Does it really even matter or is it something of importance?


----------



## Bigshow1030

*dvd -*

so I have heard these discs are better but which ones go with which burners?


----------



## robina_80

dvd-r


----------



## Bigshow1030

*ok*

I was under the understanding that only certain discs work with certain drives.....


----------



## robina_80

yeah like a dvd rw+ will only burn to dvd+ and a dvd- will do dvd- if i was you get what jan says a 3520 which is what i meant and get a dvd rw+-


----------



## Bigshow1030

*thanks*

thank you,,,,,,, that sums up my other question .......


----------



## Praetor

> yeah like a dvd rw+ will only burn to dvd+ and a dvd- will do dvd-


Thankfully we dont have to worry about this as DVD±RW drives support both + and - variants (obviously) and there arent really any DVD+RW only and DVD-RW only drives on the market anymore


----------



## Bigshow1030

*thanks*

You knew where that was going didn't you


----------



## diablo

if you want more info on the two types then go here.

http://www.dvddemystified.com/dvdfaq.html#4.3


----------



## flip218

I've always used +R's and have never had a problem.  Main thing to do is check you players compatibility here:  http://www.videohelp.com/dvdplayers

When choosing media, I always get branded media.  I use Verbatim and TDK.  

Also, when burning I usually always burn at 4x.  I only burn at 8x using my PX-716.  On my NEC 2510 I always burn at 4x.


----------



## Bigshow1030

*burner*

I would like to do that however it seems that my discs are 4x but my burner is 8x i believe so it automatically runs at the 4x speed


----------



## Praetor

> When choosing media, I always get branded media. I use Verbatim and TDK.

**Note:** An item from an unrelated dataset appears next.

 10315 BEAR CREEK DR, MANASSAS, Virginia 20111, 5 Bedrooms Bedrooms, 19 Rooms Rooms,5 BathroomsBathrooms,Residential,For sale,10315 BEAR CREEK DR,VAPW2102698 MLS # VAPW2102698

Flip! I'm shocked you didnt go into the ATIP of the media .... not all DVD media labels are made equal ... tsk tsk you shoulda known better  (hehe dont make me goto "the darkside" and make yer life miserable heehee)



> I would like to do that however it seems that my discs are 4x but my burner is 8x I believe so it automatically runs at the 4x speed


Generally its a good strategy to burn one notch below the rated max speed of the media


----------



## flip218

> Flip! I'm shocked you didnt go into the ATIP of the media .... not all DVD media labels are made equal ... tsk tsk you shoulda known better  (hehe dont make me goto "the darkside" and make yer life miserable heehee)



lol ... yea.  Alot of people always suggest only buy media w/ mcc code.  The branded verbatims I buy have always had the mcc media id.  But the TDK 4x +R's I've used had the cmc media ID.  I have never had a problem with them.  And they still play a year later 

For best results, I would say burn at 4x.  I've recently stated burning at 8x, but only with my PX 716a.


Read about media id's:
http://www.digitalfaq.com/media/dvdmedia.htm


----------



## Bigshow1030

*yeah*

yeah.....I remembered praetor saying the slower you burn the better luck you will have....I have a buddy that burns at like three times my speed however he seems to have alot of problems with his burnt media.....
thanks for the help


----------